Jhonatan Zati
Ao ler o romance “Ensaio sobre a Cegueira” (Companhia das Letras, 2008), do escritor português José Saramago (1922-2010), mergulhei em um universo de palavras tão poderosas que me senti envolvido em um turbilhão de emoções e reflexões.
Saramago constrói um mundo onde a cegueira repentina se espalha como uma epidemia, transformando a vida das pessoas em uma “treva branca”. No entanto, é nessa escuridão que a verdadeira essência da humanidade é revelada. Ela representa a cegueira coletiva diante das injustiças e da falta de empatia que assolam nossa sociedade.
O autor cria um cenário em que a verdadeira cegueira não está nos olhos, mas no coração e na mente daqueles que se recusam a enxergar a realidade. Assim, ele me fez, a todo tempo, estabelecer relações diretas entre os eventos simbólicos presentes na narrativa e acontecimentos históricos de nosso tempo, entre a nova ascensão do autoritarismo e a eclosão da denominada “pós-verdade”.

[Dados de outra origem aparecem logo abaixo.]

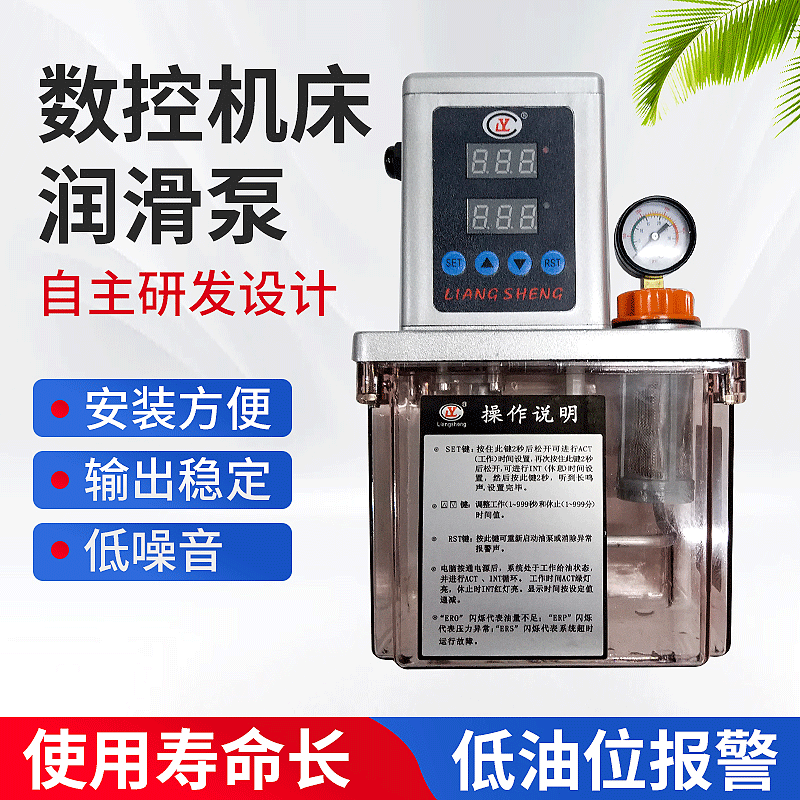 2232-150X双数显稀油润滑泵 数控机床电动润滑泵 CNC用机床加油壶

Em um cenário de guerra, os personagens do livro lutam para sobreviver em um mundo sem visão, explorando suas fraquezas e virtudes mais profundas. Nessa jornada, somos confrontados com o lado mais sombrio da natureza humana, onde prevalecem a ganância, a violência e a decadência moral, nos fazendo refletir sobre nosso mundo interior e exterior.
O estilo narrativo de Saramago se caracteriza por sua fluidez e ausência de pontuação convencional. As frases se estendem, se entrelaçam e se desdobram em um fluxo contínuo, criando um ritmo próprio e hipnótico, com sensibilidade e a profundidade emocional. Ele é capaz de explorar os sentimentos mais profundos e complexos de seus personagens, revelando suas angústias, alegrias e ferocidade. Em sua ficção, Saramago desperta em mim uma empatia genuína e uma conexão emocional com as histórias que ele conta.
“Ensaio sobre a Cegueira” é uma obra-prima da literatura que ecoa muito além das palavras. A prosa de Saramago é uma torrente literária, fluida e cativante, que me arrasta de maneira única para dentro de sua história.